Problem to solve –
Make an exact copy, from the records below, of the lines from the line containing "This is called" to the line containing "You can remotely", both lines included, excluding pictures.

Material for this task –
————————

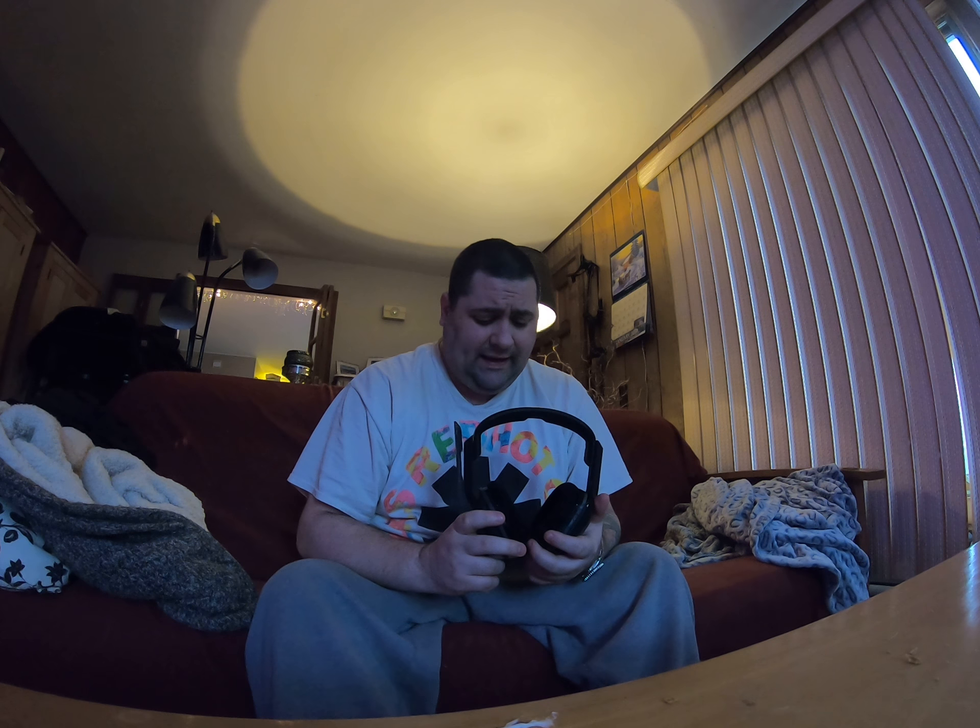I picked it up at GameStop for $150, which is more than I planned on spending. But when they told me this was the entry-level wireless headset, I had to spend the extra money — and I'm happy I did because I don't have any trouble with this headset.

————————

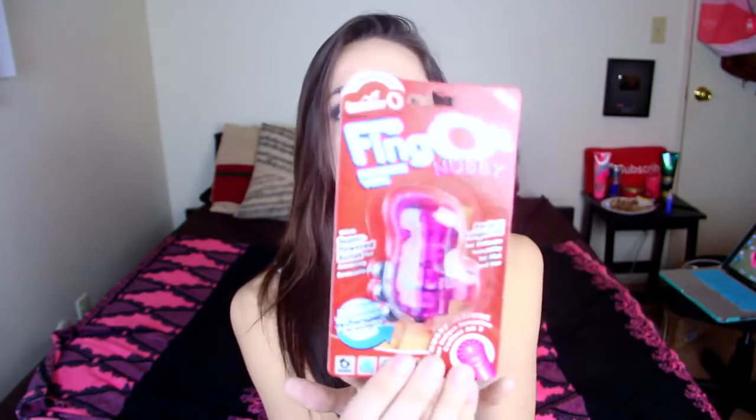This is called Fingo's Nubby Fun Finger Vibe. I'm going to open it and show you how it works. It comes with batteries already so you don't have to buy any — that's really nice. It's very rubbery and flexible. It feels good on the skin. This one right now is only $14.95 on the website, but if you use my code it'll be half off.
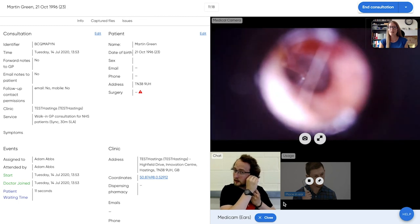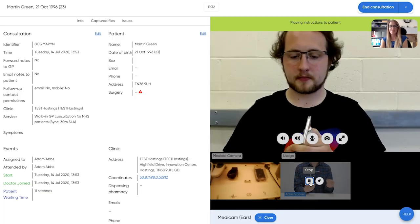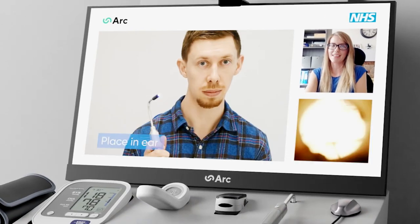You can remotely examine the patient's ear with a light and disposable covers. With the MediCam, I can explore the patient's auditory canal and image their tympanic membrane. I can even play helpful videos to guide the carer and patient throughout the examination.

————————

Reply –
This is called Fingo's Nubby Fun Finger Vibe. I'm going to open it and show you how it works. It comes with batteries already so you don't have to buy any — that's really nice. It's very rubbery and flexible. It feels good on the skin. This one right now is only $14.95 on the website, but if you use my code it'll be half off.
You can remotely examine the patient's ear with a light and disposable covers. With the MediCam, I can explore the patient's auditory canal and image their tympanic membrane. I can even play helpful videos to guide the carer and patient throughout the examination.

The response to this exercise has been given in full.